My ability to troubleshoot might be a bit limited over the coming week or so as i'm away from home, but i'm super keen to get this sorted. For the time being i've just disabled Authelia and the route into SWAG from the outside world, but it would be useful to have it back in place for remote access to some of my home setup.
Portainer and Synology UI have the same issues. I stated explicitly what we support
You are not putting them in a shared custom bridge. If you do it the way we support it will work. If you choose to do what you’re doing, I suggest thoroughly reading the portainer documentation
Thanks for the help. I’m happy to use whatever method of depoyment - just so long as it works. My confusion is largely because i’m pretty sure my previous deployment was done via Portainer so I was hopeful it might work on the new NAS. But, with that said, it’s a different version of DSM so that could also come into play.
Portainer itself had to be put in place with a docker command so i’m familiar with how to do it.

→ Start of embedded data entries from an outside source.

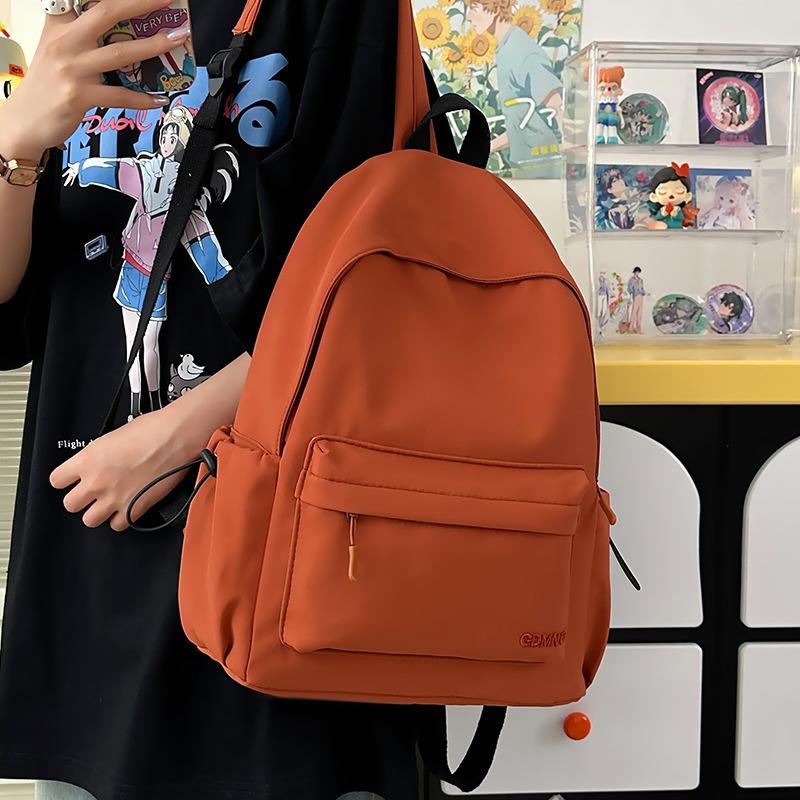 Korean high-value backpack for junior high school students, casual, simple, fashionable and versatile, large capacity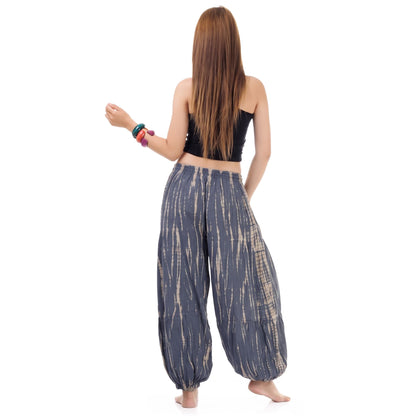Rear view of the Women's Tie Dye Harem Pants Misty Gray on a female model, demonstrating the casual and breezy silhouette.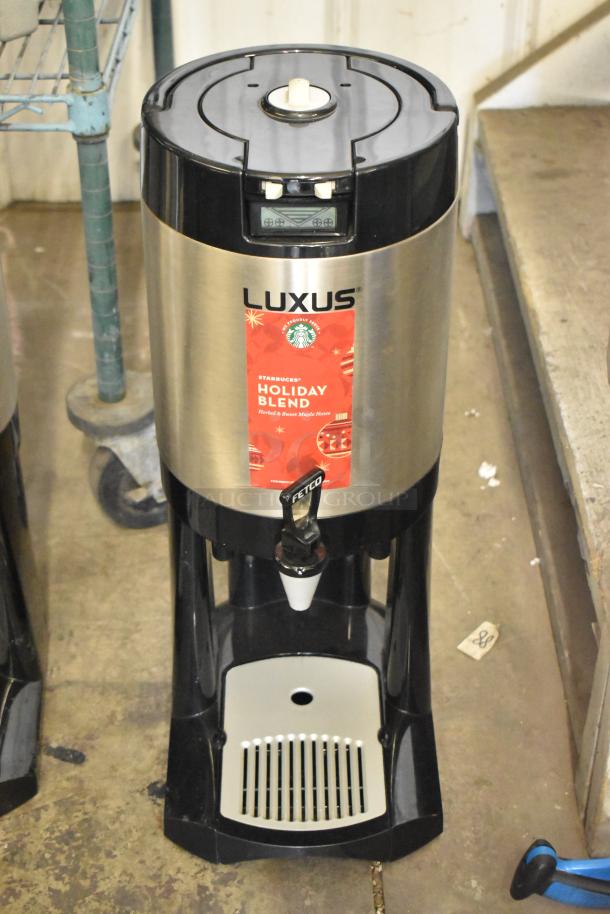 Two Fetco Luxus L3D-15 stainless steel beverage dispensers with drip trays, featuring "Holiday Blend" branding.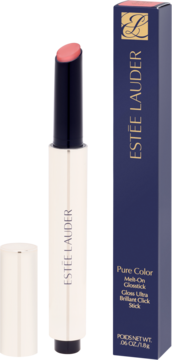 Estée Lauder Pure Color Glowstick w otwartym, beżowym opakowaniu, z widocznym koralowym wkładem, obok granatowe pudełko.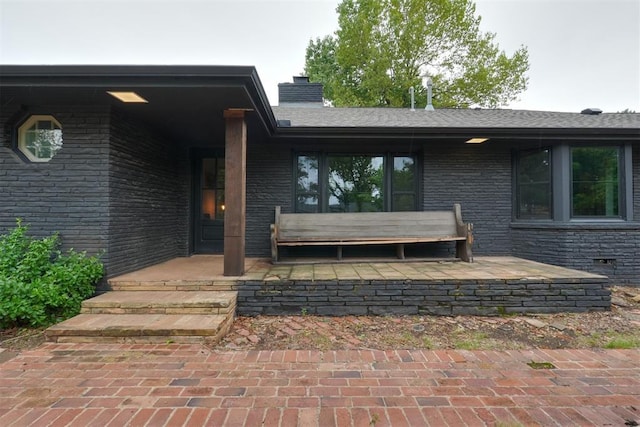 300 E Federal St, Shawnee, OK 74804 - view of exterior entry featuring a chimney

Is there any chance I could please ask for some guidance - is there some documentation or a guide which might help get me on the right lines?
Our readme for every container tells you how to deploy with docker run or with docker compose along with what the meaning of each var is to let you set it properly. Authelia isn’t ours, but if you put swag and authelia in the same docker compose, they will naturally share a custom bridge which allows them to communicate directly within the docker bridge rather than double natting.
I’m back from holiday now and updated my deployment to use a docker-compose file. Having done this it looks like the authelia container can be resolved as I now get this response:
ash-4.4# docker exec -it swag ping authelia
PING authelia (172.20.0.2): 56 data bytes
64 bytes from 172.20.0.2: seq=0 ttl=64 time=0.105 ms
64 bytes from 172.20.0.2: seq=1 ttl=64 time=0.123 ms
However, when I try to re-enable the Authelia cofiguration in my site-confs I find that visting the site throws a 500 error and the following in the error.log file:
2023/06/11 12:02:23 [error] 463#463: *26 authelia could not be resolved (3: Host not found), client: 192.168.1.1, server: radarr.*, request: "GET / HTTP/2.0", subrequest: "/authelia/api/verify", host: "radarr.mydomain.duckdns.org"
2023/06/11 12:02:23 [error] 463#463: *26 auth request unexpected status: 502 while sending to client, client: 192.168.1.1, server: radarr.*, request: "GET / HTTP/2.0", host: "radarr.mydomain.duckdns.org"
I’m not quite sure where the client IP of 192.168.1.1 is coming from; that’s the default gateway for my network. If you have any suggestions on where the issue might be then i’d appreciate some help.
in your case, since you can ping by name but you can’t resolve properly still, I would check the resolver item first, but check all of them either way.